Some of the world’s leading startup investors like Tiger Global and Sequoia Capital have been dabbling in India for several years now. They should probably start preparing for a lot more company.

With China now targeting a minimum growth rate of 6.5% a year until 2020 – the lowest growth forecast that the country has had since the late 1970s – India stands to siphon off some of the venture capital that otherwise might have flowed into China.

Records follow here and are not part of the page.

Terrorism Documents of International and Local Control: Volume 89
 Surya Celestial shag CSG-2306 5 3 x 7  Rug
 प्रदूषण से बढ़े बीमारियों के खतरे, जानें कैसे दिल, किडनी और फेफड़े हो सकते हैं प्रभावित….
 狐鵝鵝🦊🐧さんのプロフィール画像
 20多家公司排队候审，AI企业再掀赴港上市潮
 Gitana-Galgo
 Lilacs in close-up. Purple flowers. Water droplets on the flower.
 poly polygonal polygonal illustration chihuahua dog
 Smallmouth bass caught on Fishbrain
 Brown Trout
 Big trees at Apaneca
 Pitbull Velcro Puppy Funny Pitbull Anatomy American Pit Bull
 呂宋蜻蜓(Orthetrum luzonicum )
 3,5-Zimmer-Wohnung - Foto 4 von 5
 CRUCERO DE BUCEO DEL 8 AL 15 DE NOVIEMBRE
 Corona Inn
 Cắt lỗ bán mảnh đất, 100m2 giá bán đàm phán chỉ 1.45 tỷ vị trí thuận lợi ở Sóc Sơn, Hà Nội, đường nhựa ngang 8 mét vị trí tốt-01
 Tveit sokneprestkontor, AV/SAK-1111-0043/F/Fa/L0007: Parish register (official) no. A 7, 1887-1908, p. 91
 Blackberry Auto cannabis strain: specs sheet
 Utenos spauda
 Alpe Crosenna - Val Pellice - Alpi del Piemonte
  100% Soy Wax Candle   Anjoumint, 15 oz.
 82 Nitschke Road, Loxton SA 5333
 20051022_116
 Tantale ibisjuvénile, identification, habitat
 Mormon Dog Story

“Venture Capitalists make strategic bets on countries, regions, companies – and therefore, to an extent the slowness in China may be of help to Indian companies from a funding perspective,” said Yugal Joshi, who leads the digital research practice at Everest Group, a US-based research and consulting firm.

Closing the gap

And while a number of new investors have arrived in India of late – including Chinese e-commerce giant Alibaba, Japanese internet major SoftBank, and Google Capital, the late-stage venture capital fund of the internet search giant –it will take a lot for India to close the gap with China, which currently gets the lion’s share of the venture capital money in the Asia-Pacific region.

Data: Thomson One Banker.

According to the research and analytics firm Aranca, the region overall attracted $38.9 billion (Rs 2,55,000 crore) in venture capital investments in 2014, trailing only North America’s $59.9 billion. “With China’s economy showing signs of subdued growth in recent years, investors might turn their attention toward India in the long run,” Aranca wrote in a recent report on the region’s evolving venture capital market.

The key phrase to keep in mind here is “long run.”

“From a business perspective, we still hear a lot more about China than we do about India,” said Anand Sanwal, the New York-based chief executive officer of research firm CB Insights.

Of course, old habits can be hard to break – and steering venture capital money into China over India is indeed an old habit.

Data: Thomson One Banker.

Data: Thomson One Banker.

But China’s economic slowdown could prove to be a major accelerant for a change in investor habits – and for India’s startups.